*Your instructions*
Your output should be the lines from the one containing "MULBERRY PAPER, EMBOSSED" through the end of the listing, exact and inclusive, with no pictures.

*Data for processing*
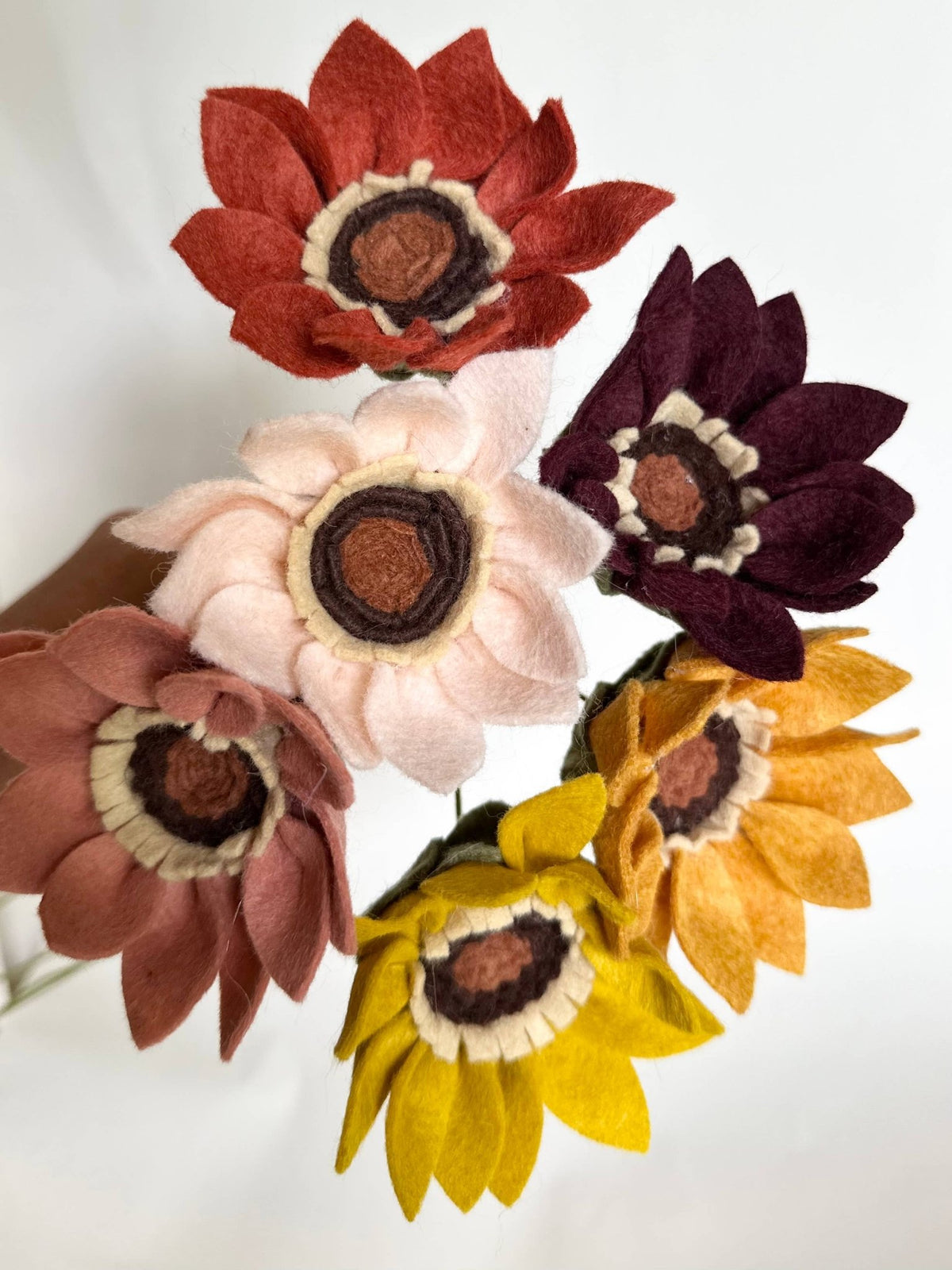 Mini Sunflower Felt Flowers - La Vie Est Belle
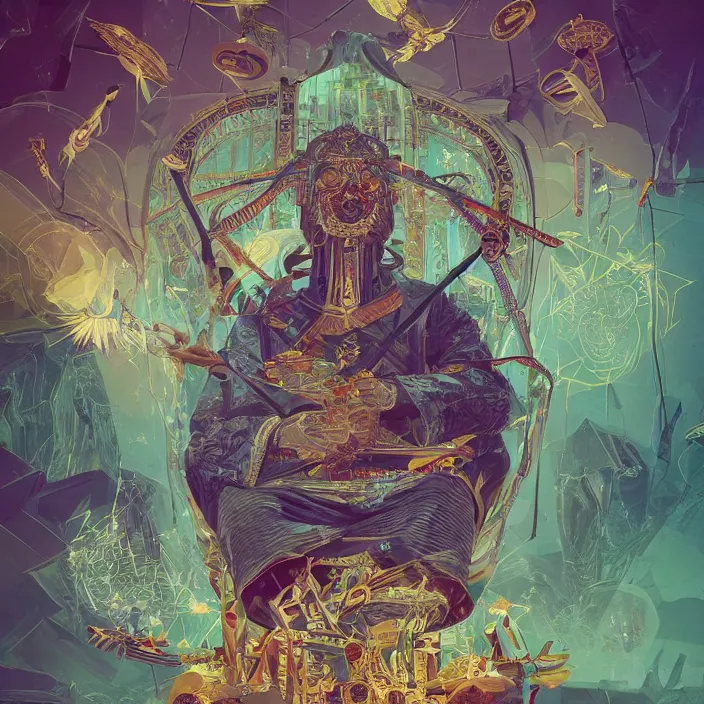 Image similar to tarot card of the mayor. Mayor tarot card. Sharp and clear. intricate abstract. intricate artwork. by Tooth Wu, wlop, beeple, dan mumford. octane render, trending on artstation, greg rutkowski very coherent symmetrical artwork. cinematic, hyper realism, high detail, octane render, 8k, iridescent accents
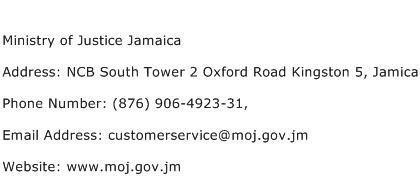 Ministry of Justice Jamaica Address Contact Number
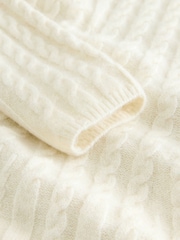 Ecru Cable Knit Mini Skater Dress With Wool - Image 6 of 6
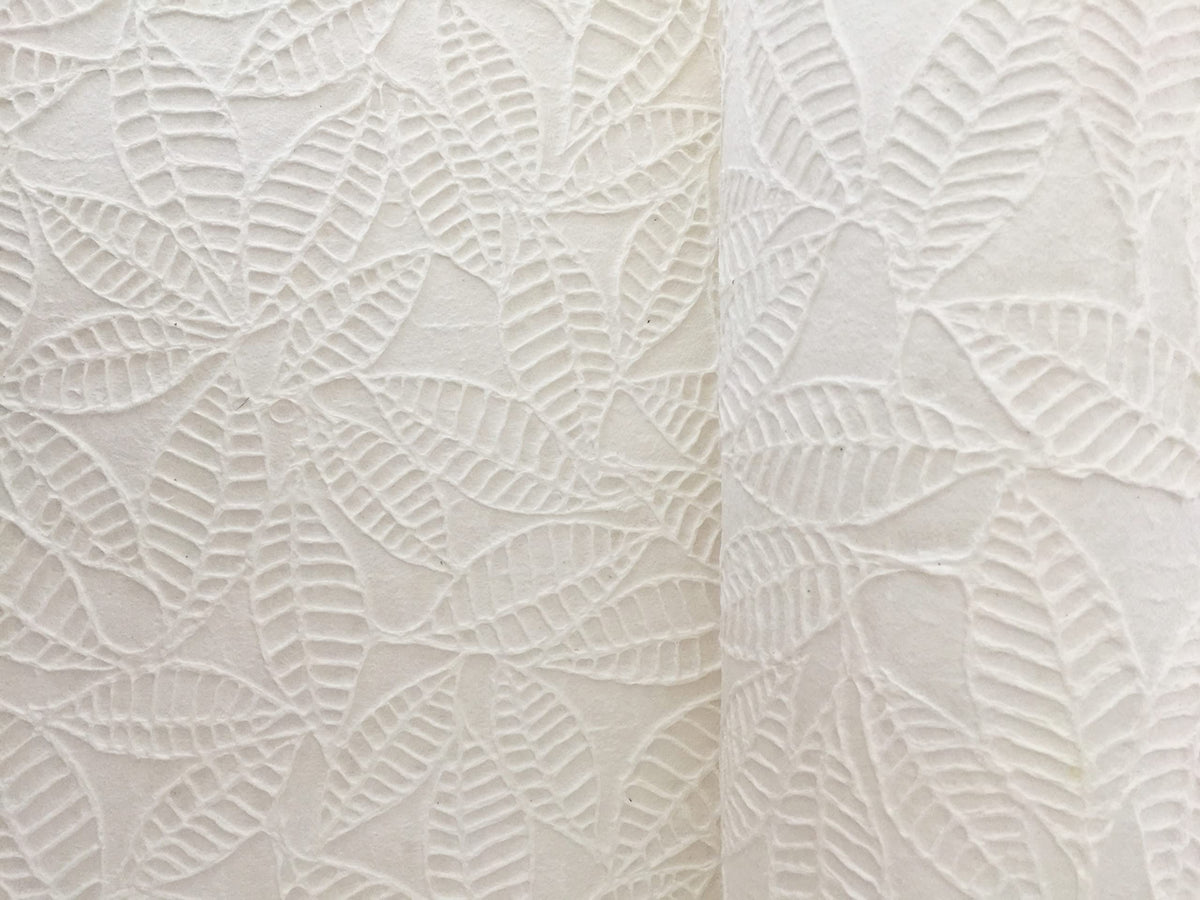 MULBERRY PAPER, EMBOSSED LEAVES, WHITE MULBERRY PAPER SHEET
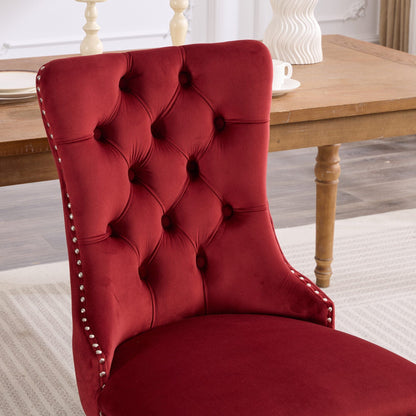 Set of 2 burgundy velvet dining chairs with tufted back and nailhead trim, solid wood legs on Tampa Home & Garden Store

*Task answer*
 MULBERRY PAPER, EMBOSSED LEAVES, WHITE MULBERRY PAPER SHEET
 Set of 2 burgundy velvet dining chairs with tufted back and nailhead trim, solid wood legs on Tampa Home & Garden Store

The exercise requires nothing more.